Barbour’s political legacy in Mississippi is in systematically completing the state’s transition to solid Republican dominance. It was happening, but he accelerated the process.
In the past eight years, while his base was in Mississippi, he never left the D.C. orbit. In the latter half of his second term he resumed an even greater role in reshaping the national GOP message. He was a major architect of Republican successes in the 2010 elections.
For reasons still not fully known, he backed off a presidential run just when it appeared he might have a fighting chance for the nomination – even at a time when establishment Republican figures like himself were under suspicion in the hinterlands.
So back to Washington he goes, returning to his old lobbying firm to make some money and to the road to make some more money making speeches. That’s what Marsha wants him to do, he says.
It’s an unprecedented historical situation for Mississippi. We’ve had, in effect, a governor on leave from Washington for the last eight years. That’s not to discount his strong connection to Mississippi and his clear knowledge and astute understanding of the state. But Haley Barbour is a creature of Washington, and it’s fitting that he will again take up residence there.

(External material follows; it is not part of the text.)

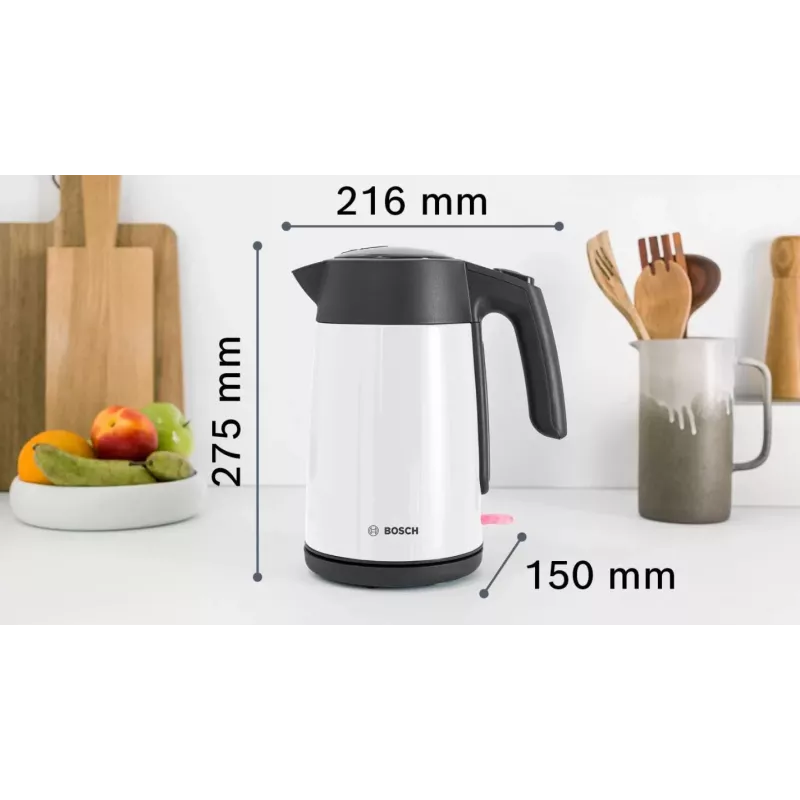 Bosch TWK7L461 vedenkeitin 1,7 l 2400 W valkoinen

I first met him in the 1970s when he was an up-and-coming Mississippi political operative and strategist and I was a political reporter, and his sharp mind and easy-going charm and personableness of those years never waned. Anyone who knew him back then wasn’t surprised by his rapid ascendancy in Republican circles.
The only questionable strategic political move in Barbour’s career was his challenge as a young man of the legendary and venerated Sen. John Stennis in 1982. But even that unsuccessful race, which until he ran for governor 21 years later was the only time he’d sought elective office, bolstered Barbour’s partisan credentials since no other Republican was willing to take on the Democratic legend.
Haley Barbour has always been who he is – a consummate political mind who enjoys the challenges of politics, even the fights, but who can hold on to friends of varying political persuasions. As his tour of duty in his original home ends, a new chapter in his adopted home begins. There’s no doubt that Washington will feel his presence.